News AMD Patents Chiplet Design To Build Colossal GPUs

Aug 22, 2020
8
2
15
Wasn't Ada Lovelace/Hopper('RTX 4k') gonna use a multi-GPU chiplet design, too?
This will certainly become a thing used for HPC. Will it ever filter down to gamers? Maybe but unlikely.
Look at how well the chiplets have worked in consumer CPUs.Look at the big.LITTLE aspect of ARM, too.
 

Koen1982

Reputable
Sep 29, 2020
7
2
4,515
I wonder why Nvidia never implemented something similar, just make a chip that have a x1 of x2 lane connection on the PCIe connector and connect them together with an nvlink.
 

InvalidError

Titan
Moderator
I wish companies would quit patenting the obvious. Dividing large designs into multiple chips for costs and manufacturability reasons has been around for decades - the Voodoo 2 was a multi-chip GPU with each chip handling a specific chunk of the rendering pipeline.
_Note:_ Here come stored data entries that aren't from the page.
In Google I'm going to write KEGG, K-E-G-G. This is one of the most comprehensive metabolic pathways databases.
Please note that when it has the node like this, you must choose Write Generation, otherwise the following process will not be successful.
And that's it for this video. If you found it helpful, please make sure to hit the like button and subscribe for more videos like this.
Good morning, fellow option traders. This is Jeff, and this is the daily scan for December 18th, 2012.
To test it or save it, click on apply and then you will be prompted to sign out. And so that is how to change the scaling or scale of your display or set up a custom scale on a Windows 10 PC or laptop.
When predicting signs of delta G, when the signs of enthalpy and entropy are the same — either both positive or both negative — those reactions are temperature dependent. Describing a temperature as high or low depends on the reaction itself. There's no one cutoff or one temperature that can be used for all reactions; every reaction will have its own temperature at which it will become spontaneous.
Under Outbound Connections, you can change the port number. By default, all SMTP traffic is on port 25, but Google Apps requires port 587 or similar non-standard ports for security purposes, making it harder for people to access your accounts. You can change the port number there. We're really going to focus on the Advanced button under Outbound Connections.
This is little more than AMD's flavor of the same principles (partition a design along logical/practical boundaries) applied to its own GPUs.
 
They called me crazy

But I said this was going to happen over 5 years ago. The biggest hindrance was the data synchronizing and that would be solved by infinity cache like interfaces. Things went a lot slower than I predicted however. I knew that data coherency was a tough nut to crack.
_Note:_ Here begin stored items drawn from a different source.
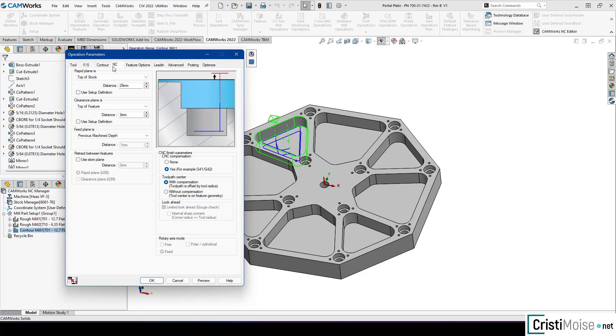CNC finishing parameters. The first group. CNC compensation. None or yes. And also yes means for example G41 and G42, which everybody can understand.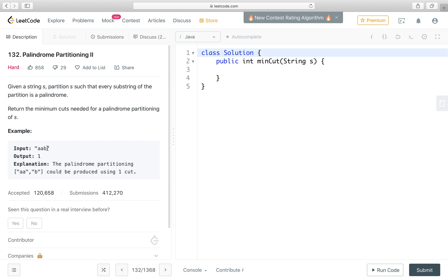Let's see this example. If the input is 'aaab', then the output is 1 because we can cut here. The left part is 'aa', which is a palindrome, and the right part 'b' is also a palindrome. Recall that we can always partition every string into all palindromes, because if a string has length 1, it is a palindrome. So we can always make cuts, but we need to find the minimum cuts.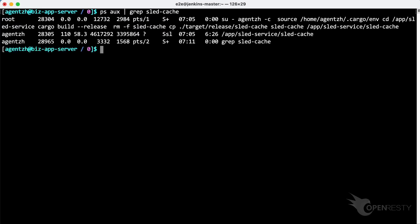First, run the PS command to check this application. We can see a Rust application named SLED Service. It is based on SLED, an embedded KV database written in Rust.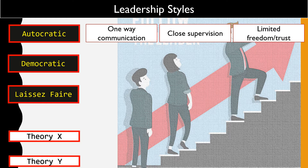Before you conclude that autocratic is a bad leadership style, it may not necessarily be so — it depends on the situation. For example, it may suit an employee who is very new to the job with no experience, or it may suit the nature of certain organizations, such as a military defense organization, where an autocratic leader is entirely appropriate.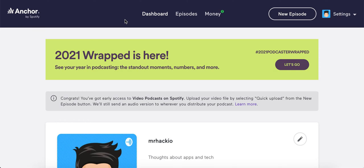Hey podcast creators, I want to share this overview for you. How do you upload video podcasts to Spotify? It's pretty easy to upload and distribute audio podcasts to Spotify. There are a bunch of platforms where you can just record your podcast and it will be automatically redistributed there.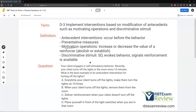The motivating operation makes you want something. The discriminative stimulus says yes, this is available, or no, this is not available. These are two very important concepts you want to understand at a fundamental level. They're going to impact a lot of questions and a lot of things you do as an RBT.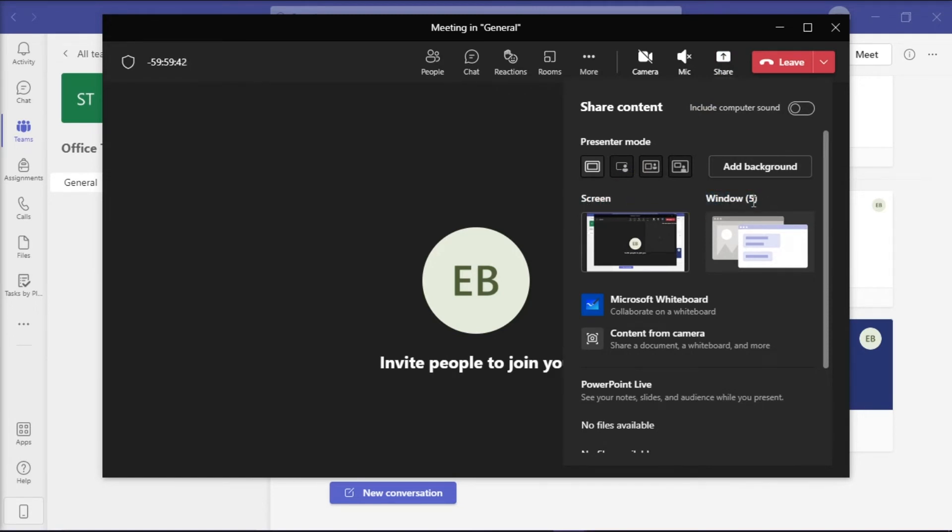Now to avoid screen flickering while screen sharing, make sure that the selection for the screen you want to share is under Screen or Desktop option and not the Window option.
We'll see if my last prediction comes true:

One APU:
CPU 8/16 core/thread chiplette
IO Die chiplette
iGPU chiplette
4GB HBM memory reserved by drivers as a cache.
 

jkflipflop98

Distinguished
They are working on it. First they said it couldn't be done two years ago.

Just recently they [nvidia] announced there is a delay in implementation. So you know they changed their mind.

I'd like to see a link to that quote. Being as Nvidia owns all 3DFX's technology, they already own multiple designs like this from decades ago.
 

spongiemaster

Admirable
Dec 12, 2019
2,345
1,323
7,560
They are working on it. First they said it couldn't be done two years ago.

Just recently they [nvidia] announced there is a delay in implementation. So you know they changed their mind.
Interesting that they said 2 years ago it couldn't be done, when they released a research paper 3.5 years ago that said it could be done.

https://research.nvidia.com/sites/default/files/publications/ISCA_2017_MCMGPU.pdf

From the conclusion:

"We show that with these optimizations, a 256 SMs MCM-GPU achieves 45.5% speedup over the largest possible monolithic GPU with 128 SMs. Furthermore, it performs 26.8% better than an equally equipped discrete multi-GPU, and its performance is within 10% of that of a hypothetical monolithic GPU that cannot be built based on today’s technology roadmap."

Here's another link from September 2019 that says they have multiple design solutions they could implement if they became more cost effective:

Nvidia has “de-risked” multiple chiplet GPU designs – “now it’s a tool in the toolbox”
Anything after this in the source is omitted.